### Input for this task ###

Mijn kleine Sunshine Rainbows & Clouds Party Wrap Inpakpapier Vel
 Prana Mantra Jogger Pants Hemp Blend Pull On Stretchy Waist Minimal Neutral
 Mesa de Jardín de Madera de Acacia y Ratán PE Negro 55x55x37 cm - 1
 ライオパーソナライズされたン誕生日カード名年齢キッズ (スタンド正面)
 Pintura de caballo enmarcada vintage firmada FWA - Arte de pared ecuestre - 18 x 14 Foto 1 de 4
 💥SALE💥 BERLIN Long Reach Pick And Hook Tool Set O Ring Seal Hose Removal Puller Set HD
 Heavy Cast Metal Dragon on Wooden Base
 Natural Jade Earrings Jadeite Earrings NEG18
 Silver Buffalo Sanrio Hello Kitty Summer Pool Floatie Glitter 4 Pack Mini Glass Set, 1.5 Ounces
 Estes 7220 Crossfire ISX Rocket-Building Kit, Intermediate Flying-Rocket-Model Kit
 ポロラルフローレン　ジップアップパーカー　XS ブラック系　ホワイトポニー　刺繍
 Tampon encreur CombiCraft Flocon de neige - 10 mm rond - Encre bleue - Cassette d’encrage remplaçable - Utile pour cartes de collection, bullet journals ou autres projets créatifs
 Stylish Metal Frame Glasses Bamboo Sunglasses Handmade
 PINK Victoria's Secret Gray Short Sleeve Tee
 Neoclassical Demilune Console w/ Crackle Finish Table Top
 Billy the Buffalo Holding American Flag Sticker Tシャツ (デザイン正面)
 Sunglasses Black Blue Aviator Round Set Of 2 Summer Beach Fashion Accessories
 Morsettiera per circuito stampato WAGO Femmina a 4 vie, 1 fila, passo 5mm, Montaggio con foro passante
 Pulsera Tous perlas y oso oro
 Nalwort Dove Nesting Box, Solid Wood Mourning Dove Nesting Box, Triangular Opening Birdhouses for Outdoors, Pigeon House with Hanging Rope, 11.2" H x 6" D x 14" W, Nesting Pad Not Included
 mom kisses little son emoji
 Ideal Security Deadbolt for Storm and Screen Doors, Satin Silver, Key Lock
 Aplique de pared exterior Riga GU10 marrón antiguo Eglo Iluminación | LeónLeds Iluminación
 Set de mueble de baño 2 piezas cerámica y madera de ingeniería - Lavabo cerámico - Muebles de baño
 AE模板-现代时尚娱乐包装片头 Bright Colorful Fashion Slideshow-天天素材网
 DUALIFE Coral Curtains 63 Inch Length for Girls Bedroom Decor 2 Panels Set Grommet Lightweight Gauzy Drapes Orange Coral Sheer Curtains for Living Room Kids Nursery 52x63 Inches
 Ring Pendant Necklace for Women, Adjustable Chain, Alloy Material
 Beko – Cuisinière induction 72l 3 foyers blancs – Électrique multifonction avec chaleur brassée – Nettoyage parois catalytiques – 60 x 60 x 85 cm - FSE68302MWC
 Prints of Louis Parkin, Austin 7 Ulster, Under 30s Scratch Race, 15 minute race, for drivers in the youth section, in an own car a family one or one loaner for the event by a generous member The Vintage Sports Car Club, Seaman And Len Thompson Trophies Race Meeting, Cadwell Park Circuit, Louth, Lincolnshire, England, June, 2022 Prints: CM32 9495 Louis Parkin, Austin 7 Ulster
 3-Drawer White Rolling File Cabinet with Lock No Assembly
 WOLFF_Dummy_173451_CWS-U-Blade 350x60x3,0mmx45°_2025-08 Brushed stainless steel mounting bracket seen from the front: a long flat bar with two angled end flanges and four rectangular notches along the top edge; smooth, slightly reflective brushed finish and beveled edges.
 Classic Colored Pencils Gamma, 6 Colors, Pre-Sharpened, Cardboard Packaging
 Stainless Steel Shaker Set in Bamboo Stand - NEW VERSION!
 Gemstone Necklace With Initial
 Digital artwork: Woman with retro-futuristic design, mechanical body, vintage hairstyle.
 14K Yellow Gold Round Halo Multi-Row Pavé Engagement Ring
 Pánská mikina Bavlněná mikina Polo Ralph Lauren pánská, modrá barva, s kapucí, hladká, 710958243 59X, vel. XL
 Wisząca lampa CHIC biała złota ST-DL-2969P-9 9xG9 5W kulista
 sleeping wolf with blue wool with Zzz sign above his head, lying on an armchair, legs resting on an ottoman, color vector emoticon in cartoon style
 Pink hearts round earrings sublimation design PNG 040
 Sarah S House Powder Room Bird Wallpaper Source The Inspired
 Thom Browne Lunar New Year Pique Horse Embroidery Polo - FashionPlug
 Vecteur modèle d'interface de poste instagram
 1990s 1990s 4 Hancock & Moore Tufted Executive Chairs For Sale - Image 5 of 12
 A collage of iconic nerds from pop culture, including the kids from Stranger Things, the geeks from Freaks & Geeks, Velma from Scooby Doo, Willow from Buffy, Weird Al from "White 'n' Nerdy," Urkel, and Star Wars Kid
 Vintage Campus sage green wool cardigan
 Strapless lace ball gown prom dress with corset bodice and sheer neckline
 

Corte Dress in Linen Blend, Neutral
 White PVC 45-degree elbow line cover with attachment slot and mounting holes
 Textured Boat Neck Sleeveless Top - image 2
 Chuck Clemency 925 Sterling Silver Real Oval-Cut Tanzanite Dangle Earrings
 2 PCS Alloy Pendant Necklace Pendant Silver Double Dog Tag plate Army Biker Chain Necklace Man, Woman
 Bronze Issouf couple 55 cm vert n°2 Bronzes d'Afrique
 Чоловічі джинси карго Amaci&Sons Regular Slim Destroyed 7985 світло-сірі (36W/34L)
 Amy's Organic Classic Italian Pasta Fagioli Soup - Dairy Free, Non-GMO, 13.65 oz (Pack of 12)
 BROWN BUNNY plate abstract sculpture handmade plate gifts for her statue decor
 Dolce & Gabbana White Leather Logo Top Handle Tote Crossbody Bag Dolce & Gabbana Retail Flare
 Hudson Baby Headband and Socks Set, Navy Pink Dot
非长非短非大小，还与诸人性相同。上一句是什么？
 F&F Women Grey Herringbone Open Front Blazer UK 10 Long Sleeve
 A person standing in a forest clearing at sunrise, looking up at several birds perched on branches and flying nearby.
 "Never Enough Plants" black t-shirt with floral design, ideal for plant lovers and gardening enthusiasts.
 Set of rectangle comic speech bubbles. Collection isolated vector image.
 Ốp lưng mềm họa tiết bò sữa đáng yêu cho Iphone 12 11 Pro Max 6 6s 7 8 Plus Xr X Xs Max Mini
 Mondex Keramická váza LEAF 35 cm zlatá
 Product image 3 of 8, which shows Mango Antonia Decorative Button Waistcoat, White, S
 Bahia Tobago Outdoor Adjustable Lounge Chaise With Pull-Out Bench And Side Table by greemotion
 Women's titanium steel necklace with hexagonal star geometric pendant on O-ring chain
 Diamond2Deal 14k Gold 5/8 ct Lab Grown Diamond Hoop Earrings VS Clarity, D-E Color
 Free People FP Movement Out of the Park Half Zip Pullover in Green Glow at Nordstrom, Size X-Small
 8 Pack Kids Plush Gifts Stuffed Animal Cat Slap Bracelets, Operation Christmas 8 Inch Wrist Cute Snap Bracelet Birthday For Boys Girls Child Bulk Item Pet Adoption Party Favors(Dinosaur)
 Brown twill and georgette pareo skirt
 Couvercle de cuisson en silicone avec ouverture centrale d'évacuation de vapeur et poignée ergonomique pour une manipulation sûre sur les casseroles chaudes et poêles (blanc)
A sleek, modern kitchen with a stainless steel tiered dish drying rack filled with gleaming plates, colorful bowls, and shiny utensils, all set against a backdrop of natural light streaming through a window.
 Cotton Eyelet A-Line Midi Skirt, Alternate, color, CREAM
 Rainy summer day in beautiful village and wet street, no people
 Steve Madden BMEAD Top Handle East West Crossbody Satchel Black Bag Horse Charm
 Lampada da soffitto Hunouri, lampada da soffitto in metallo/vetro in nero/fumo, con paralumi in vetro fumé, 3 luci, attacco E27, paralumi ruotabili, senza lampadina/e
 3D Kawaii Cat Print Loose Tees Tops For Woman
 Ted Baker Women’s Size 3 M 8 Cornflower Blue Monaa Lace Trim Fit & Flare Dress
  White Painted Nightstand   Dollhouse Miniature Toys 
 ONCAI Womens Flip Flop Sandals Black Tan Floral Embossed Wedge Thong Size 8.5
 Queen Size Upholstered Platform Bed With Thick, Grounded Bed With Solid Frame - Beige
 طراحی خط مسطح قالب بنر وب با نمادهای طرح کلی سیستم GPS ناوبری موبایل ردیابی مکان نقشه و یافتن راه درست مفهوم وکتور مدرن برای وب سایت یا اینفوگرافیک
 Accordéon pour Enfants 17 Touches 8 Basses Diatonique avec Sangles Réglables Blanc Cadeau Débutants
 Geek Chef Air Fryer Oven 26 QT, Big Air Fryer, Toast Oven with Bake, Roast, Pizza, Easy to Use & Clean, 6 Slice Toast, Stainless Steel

###

- Aim of the task: What is asked for is an exact copy of the lines above from the one containing "2 PCS Alloy" through the one containing "and gardening enthusiasts.", and only those.

- Answer to this problem:
 2 PCS Alloy Pendant Necklace Pendant Silver Double Dog Tag plate Army Biker Chain Necklace Man, Woman
 Bronze Issouf couple 55 cm vert n°2 Bronzes d'Afrique
 Чоловічі джинси карго Amaci&Sons Regular Slim Destroyed 7985 світло-сірі (36W/34L)
 Amy's Organic Classic Italian Pasta Fagioli Soup - Dairy Free, Non-GMO, 13.65 oz (Pack of 12)
 BROWN BUNNY plate abstract sculpture handmade plate gifts for her statue decor
 Dolce & Gabbana White Leather Logo Top Handle Tote Crossbody Bag Dolce & Gabbana Retail Flare
 Hudson Baby Headband and Socks Set, Navy Pink Dot
非长非短非大小，还与诸人性相同。上一句是什么？
 F&F Women Grey Herringbone Open Front Blazer UK 10 Long Sleeve
 A person standing in a forest clearing at sunrise, looking up at several birds perched on branches and flying nearby.
 "Never Enough Plants" black t-shirt with floral design, ideal for plant lovers and gardening enthusiasts.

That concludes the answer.